For Blue Marlin in the Caribbean it’s hard to beat the Dominican Republic. Fishing heats up for the summer off Punta Cana, where boats only have a 3- to 12-mile jaunt to the fish-attracting devices (call them FADs [say : “fads”] or risk sounding like a googan) where blue marlin turn up consistently. Local knowledge helps to find these devices but if you want to find them on your own look at the chart: When there’s 10,000 feet of water and you see a seamount rising to within 3,000 feet of the surface, chances are that’s where the FAD will be.
The more adventurous angler may decide to steer the boat across the Atlantic to Cape Verde off the West African coast to hit the spring-summer season. When the water clears, fishing heats up with blue marlin. No one really knows why the blues congregate in that area for certain, though of course speculation is rampant in the fishing world, whether it’s feeding or breeding or just a crossroads of migration. But one thing’s for certain: Those that spend the season in Cape Verde, such as the Big Oh skippered by Ronnie Fields, have the chance to put up hundreds of catches in a season.

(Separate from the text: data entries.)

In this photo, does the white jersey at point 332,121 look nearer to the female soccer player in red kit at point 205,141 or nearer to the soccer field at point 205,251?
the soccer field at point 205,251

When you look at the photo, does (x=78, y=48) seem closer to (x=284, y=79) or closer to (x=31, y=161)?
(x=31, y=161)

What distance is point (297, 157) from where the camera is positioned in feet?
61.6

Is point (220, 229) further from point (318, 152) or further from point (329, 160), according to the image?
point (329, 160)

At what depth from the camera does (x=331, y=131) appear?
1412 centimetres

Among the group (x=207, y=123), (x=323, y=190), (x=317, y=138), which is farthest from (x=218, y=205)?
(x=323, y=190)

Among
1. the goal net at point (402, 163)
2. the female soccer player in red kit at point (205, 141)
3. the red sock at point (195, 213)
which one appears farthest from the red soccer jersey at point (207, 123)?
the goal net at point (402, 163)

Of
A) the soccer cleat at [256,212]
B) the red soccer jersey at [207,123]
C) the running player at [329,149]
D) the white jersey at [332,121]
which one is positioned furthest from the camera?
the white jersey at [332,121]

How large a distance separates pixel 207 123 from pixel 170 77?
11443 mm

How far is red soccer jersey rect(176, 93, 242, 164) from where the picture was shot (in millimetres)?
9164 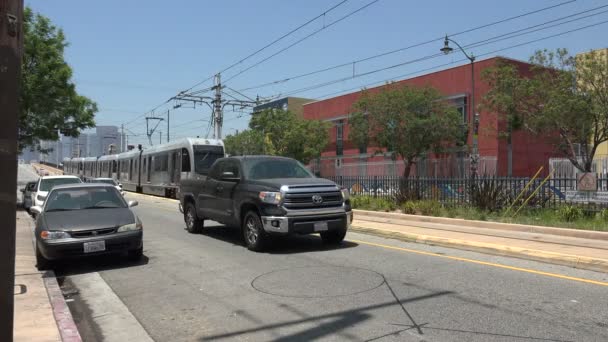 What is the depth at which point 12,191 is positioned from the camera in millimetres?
3562


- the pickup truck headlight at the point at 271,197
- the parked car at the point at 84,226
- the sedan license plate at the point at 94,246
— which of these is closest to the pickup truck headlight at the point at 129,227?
the parked car at the point at 84,226

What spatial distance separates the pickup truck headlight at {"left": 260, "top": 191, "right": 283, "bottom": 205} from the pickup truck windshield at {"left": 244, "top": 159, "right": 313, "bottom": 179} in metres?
0.99

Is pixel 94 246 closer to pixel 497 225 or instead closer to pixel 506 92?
pixel 497 225

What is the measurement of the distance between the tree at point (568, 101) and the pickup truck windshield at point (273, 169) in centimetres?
1336

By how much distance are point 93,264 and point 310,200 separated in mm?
4187

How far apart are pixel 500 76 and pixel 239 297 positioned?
20725 mm

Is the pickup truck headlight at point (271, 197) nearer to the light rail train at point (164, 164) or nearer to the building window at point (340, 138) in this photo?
the light rail train at point (164, 164)

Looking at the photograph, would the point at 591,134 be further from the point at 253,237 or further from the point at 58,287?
the point at 58,287

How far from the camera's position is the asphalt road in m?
5.35

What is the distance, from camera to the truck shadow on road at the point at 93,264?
366 inches

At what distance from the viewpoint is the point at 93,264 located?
9820mm

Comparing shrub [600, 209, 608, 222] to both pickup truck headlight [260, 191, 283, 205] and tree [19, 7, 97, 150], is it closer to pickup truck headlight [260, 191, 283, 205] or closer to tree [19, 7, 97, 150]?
pickup truck headlight [260, 191, 283, 205]

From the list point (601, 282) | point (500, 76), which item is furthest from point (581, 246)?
point (500, 76)

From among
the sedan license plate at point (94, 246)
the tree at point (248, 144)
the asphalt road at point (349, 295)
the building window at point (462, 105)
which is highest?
the building window at point (462, 105) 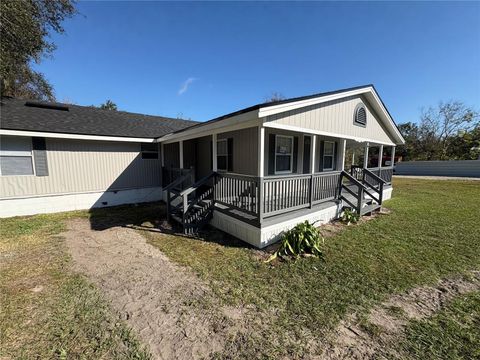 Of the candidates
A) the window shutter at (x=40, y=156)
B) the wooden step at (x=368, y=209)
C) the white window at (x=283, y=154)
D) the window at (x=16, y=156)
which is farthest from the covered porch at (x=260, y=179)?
the window at (x=16, y=156)

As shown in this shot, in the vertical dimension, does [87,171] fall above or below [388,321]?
above

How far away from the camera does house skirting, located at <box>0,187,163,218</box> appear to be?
7109 millimetres

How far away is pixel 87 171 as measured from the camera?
8.40m

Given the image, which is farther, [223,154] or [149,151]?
[149,151]

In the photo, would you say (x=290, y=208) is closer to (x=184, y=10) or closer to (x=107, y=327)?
(x=107, y=327)

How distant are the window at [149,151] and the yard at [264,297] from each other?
16.0ft

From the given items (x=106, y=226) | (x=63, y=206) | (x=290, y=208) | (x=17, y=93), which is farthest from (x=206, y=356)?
(x=17, y=93)

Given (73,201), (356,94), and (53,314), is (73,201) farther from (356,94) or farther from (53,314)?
(356,94)

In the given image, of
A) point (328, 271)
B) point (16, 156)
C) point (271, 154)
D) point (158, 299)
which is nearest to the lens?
point (158, 299)

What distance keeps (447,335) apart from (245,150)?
595 centimetres

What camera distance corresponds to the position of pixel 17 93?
1658 cm

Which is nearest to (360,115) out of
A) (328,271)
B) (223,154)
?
(223,154)

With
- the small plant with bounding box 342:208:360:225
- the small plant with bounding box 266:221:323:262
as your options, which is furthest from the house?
the small plant with bounding box 266:221:323:262

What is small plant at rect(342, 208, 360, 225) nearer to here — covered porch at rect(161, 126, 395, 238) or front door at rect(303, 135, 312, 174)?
covered porch at rect(161, 126, 395, 238) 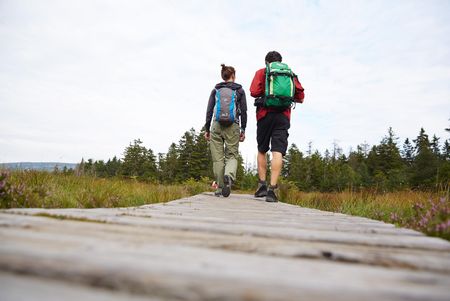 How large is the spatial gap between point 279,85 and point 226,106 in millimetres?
1055

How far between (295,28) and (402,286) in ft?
85.1

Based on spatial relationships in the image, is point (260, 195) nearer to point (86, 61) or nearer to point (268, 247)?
point (268, 247)

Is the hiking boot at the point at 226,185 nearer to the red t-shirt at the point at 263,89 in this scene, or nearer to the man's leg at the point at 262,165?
the man's leg at the point at 262,165

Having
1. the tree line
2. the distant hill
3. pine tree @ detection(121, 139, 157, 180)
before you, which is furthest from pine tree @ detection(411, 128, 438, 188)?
the distant hill

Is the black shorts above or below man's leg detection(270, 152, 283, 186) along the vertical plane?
above

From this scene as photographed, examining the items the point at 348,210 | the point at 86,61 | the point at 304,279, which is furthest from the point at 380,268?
the point at 86,61

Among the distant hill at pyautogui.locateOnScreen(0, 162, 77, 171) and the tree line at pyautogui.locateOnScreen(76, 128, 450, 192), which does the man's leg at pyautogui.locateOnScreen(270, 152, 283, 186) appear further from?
the tree line at pyautogui.locateOnScreen(76, 128, 450, 192)

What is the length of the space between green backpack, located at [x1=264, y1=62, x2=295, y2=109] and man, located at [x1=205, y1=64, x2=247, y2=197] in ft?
2.61

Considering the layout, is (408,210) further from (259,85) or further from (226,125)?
(226,125)

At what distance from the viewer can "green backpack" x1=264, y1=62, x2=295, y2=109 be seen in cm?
440

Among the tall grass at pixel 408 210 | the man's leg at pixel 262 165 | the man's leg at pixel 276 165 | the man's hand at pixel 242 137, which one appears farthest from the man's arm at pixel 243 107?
the tall grass at pixel 408 210

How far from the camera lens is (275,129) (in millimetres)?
4727

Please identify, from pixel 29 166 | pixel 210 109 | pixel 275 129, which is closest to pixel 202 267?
pixel 275 129

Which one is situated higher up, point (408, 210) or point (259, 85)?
point (259, 85) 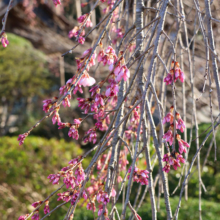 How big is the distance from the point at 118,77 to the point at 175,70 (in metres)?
0.18

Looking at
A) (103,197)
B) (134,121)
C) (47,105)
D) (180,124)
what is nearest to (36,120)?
(134,121)

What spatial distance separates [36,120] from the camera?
25.3 feet

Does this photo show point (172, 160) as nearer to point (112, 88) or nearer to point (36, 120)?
point (112, 88)

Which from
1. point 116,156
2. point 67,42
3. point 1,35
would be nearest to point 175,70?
point 116,156

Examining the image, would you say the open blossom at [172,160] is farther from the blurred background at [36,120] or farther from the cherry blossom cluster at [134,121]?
the cherry blossom cluster at [134,121]

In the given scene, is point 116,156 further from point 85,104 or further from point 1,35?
point 1,35

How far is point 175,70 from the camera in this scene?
90cm

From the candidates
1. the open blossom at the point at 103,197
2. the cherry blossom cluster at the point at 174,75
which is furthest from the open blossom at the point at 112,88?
the open blossom at the point at 103,197

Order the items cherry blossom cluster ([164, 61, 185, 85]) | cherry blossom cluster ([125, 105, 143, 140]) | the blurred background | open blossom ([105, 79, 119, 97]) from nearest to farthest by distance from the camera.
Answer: cherry blossom cluster ([164, 61, 185, 85]), open blossom ([105, 79, 119, 97]), cherry blossom cluster ([125, 105, 143, 140]), the blurred background

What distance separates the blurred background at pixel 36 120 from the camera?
12.6 feet

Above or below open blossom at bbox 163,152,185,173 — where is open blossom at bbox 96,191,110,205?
below

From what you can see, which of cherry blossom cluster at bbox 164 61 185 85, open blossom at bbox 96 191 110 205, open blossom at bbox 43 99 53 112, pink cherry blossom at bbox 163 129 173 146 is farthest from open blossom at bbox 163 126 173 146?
open blossom at bbox 43 99 53 112

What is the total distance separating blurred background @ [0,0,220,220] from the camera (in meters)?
3.85

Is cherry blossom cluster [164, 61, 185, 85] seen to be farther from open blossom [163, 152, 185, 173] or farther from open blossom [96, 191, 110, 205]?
open blossom [96, 191, 110, 205] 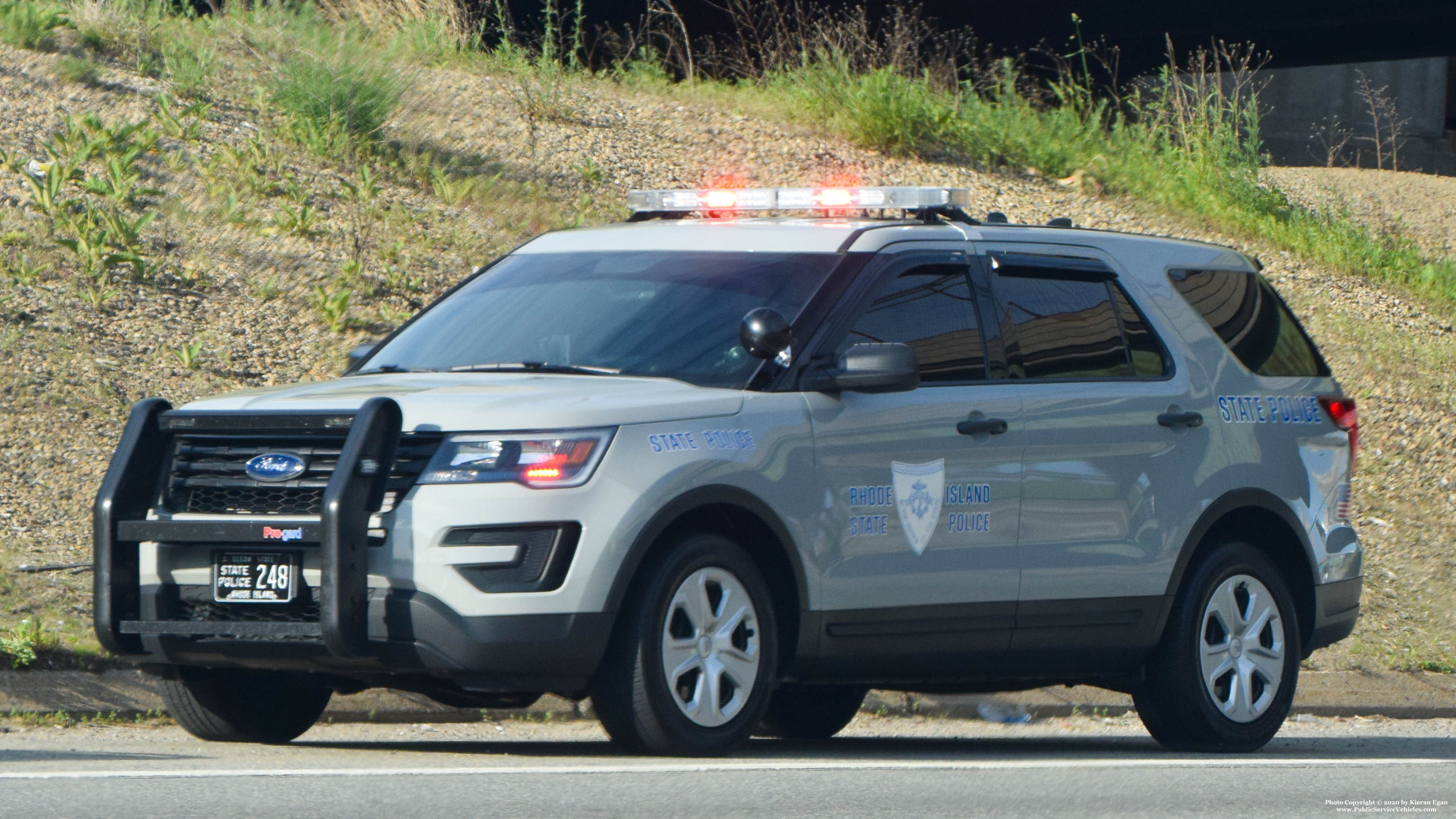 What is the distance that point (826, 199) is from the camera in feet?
25.7

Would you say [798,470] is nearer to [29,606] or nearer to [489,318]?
[489,318]

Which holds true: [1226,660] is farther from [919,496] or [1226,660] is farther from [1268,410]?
[919,496]

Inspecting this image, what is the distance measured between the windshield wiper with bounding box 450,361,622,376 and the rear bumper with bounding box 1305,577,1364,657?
3.37 meters

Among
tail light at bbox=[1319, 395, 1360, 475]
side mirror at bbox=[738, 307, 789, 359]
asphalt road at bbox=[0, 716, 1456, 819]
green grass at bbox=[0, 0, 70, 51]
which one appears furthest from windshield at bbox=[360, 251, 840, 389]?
green grass at bbox=[0, 0, 70, 51]

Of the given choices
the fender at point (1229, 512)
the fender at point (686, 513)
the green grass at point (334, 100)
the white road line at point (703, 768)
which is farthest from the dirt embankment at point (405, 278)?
the fender at point (686, 513)

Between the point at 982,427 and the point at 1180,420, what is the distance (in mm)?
1068

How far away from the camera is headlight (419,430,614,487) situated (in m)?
6.18

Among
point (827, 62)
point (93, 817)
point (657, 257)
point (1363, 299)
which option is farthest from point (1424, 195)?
point (93, 817)

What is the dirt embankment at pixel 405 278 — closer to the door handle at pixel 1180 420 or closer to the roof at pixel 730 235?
the roof at pixel 730 235

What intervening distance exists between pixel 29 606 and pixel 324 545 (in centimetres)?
345

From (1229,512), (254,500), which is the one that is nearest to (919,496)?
(1229,512)

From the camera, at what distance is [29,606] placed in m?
8.96

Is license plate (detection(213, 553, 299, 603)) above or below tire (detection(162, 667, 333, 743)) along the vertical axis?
above

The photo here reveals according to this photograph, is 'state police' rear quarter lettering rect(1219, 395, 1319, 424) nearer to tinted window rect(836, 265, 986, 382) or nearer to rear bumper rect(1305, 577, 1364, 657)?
rear bumper rect(1305, 577, 1364, 657) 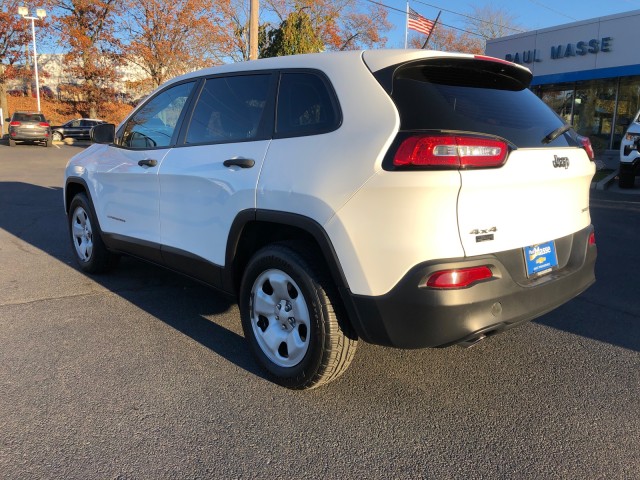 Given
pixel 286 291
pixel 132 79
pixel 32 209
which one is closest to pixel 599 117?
pixel 32 209

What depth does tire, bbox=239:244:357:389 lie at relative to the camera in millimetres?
2807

Costa Rica has huge sailfish numbers all year on the Pacific coast. While Nicaragua has come on strong in the last couple of years, the numbers still tilt towards Costa Rica. One theory posited by Capt. Jon Duffie of Billfisher to explain why Costa Rica sees an impressive catch rate is simply because that’s where the boats are—we can’t spot fish in the spread unless the boats and anglers are out there looking.
And they’re definitely hunting them up off Costa Rica, where huge numbers are not that uncommon: 60 to 80 bites a day sometimes.
The waters off the Mid-Atlantic U.S. have long been reliable producers of great catches of white and blue marlin and a good share of tuna all summer long. Sometimes traveling the world makes sense, sometimes it’s better to stick close to home.
As the (successful) pros always say: Don’t leave fish to try to find fish. And the best way to make the most of your fishing time? Keep things simple. Too many lines, baits, and teasers in the water can stop productivity cold.